Activists continue to argue, though, that by not destroying and instead selling stockpiled ivory and rhino horn we are somehow legitimizing the trade in illicit product. Since one hundred percent of the ivory in question has been recovered from traffickers, I fail to see the logic. The black market, and legal trade are two completely separate beasts. A side argument, of course, is that there is no way of knowing how much good revenue earned from the legal sale of stockpiles will do, since there will be a degree of corruption in its end use. OK, fair enough - we can’t quantify that.

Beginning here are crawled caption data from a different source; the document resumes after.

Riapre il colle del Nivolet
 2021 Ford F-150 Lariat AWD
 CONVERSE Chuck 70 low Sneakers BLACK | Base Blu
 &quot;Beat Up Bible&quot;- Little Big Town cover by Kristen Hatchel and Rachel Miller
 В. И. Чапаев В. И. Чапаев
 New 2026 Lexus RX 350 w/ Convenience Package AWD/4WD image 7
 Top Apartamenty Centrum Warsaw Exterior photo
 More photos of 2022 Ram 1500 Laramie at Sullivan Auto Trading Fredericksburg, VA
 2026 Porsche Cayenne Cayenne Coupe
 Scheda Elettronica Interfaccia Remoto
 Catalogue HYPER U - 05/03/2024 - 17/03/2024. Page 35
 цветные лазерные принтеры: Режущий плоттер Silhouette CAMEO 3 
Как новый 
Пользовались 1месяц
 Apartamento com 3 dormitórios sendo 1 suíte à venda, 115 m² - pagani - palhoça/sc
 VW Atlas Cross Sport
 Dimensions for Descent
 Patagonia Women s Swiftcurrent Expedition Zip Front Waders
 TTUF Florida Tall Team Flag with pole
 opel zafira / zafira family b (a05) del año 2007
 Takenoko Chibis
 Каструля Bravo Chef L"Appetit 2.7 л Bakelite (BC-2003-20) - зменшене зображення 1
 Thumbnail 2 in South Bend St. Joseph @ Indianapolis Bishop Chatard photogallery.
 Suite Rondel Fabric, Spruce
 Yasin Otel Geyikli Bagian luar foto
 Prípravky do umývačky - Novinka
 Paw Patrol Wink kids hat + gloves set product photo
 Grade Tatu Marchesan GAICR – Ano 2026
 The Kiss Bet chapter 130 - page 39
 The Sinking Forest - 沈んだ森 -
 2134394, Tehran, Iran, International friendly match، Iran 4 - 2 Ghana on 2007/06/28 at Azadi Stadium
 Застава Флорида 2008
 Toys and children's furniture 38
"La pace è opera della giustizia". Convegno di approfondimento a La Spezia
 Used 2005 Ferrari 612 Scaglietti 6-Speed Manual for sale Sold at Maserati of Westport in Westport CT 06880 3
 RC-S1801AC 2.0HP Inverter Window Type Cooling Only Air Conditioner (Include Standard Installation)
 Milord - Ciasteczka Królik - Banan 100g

And how important are these stockpiles in the Grand Scheme of Things anyway? The fact is, most traditional enforcement policies implemented by African countries to curb poaching and trafficking don’t seem to be working - because of a lack of resources, because of corruption, or both, or myriad other causes. In the same vein, attempts by entities such as CITES and US Fish and Wildlife, to name but two to curb ivory trade internationally are probably having little more success. As window-dressing, they’re great, but the key players in a big part of this game are governments. Who polices the police?
I do not believe that destroying ivory stockpiles is a solution to the poaching problem because if anything it takes the concept of local communities owning, managing and conserving their resources even further away - the government and foreign donors and “experts” become the only stakeholders. On top of, of course, the fact that even with my basic knowledge of economics I can’t see any use in destroying a tangible asset, except for symbolic reasons.
The old, hackneyed concept that wildlife must have a tangible value in order to survive was never truer. Especially in southern Africa, where we see private commercial crocodile farms, ostrich farms, game farms and nature reserves flourishing, we see grass roots-based community involvement and the protection of wildlife because it is the peoples’ asset.
Regulated sport hunting is one of the core foundations of such market-oriented schemes. True, the “average person”, whomever that may be has trouble differentiating in their mind between hunting and poaching, and the activists don’t want them to think much beyond signing a cheque anyway, but without the hunter as a legal end-user, the market value of the resources decreases and so does the urgency of conserving it.
Apply this to Africa’s elephant population and if the rural communities having to live side-by-side and compete with wildlife have no vested interest, e.g., ownership rights, why should they support the conservationists with the soccer balls and t-shirts instead of the poaching cartels with ready cash?
In Zimbabwe, the very successful CAMPFIRE program has made populations of wild animals the property of the local villagers, and they have the ultimate incentive to protect their wildlife - it belongs to them, and the poachers are stealing from them. Namibia’s communal conservancies function in the same way.
Granting ownership of wildlife to local communities is the easiest way to turn a poacher into a gamekeeper.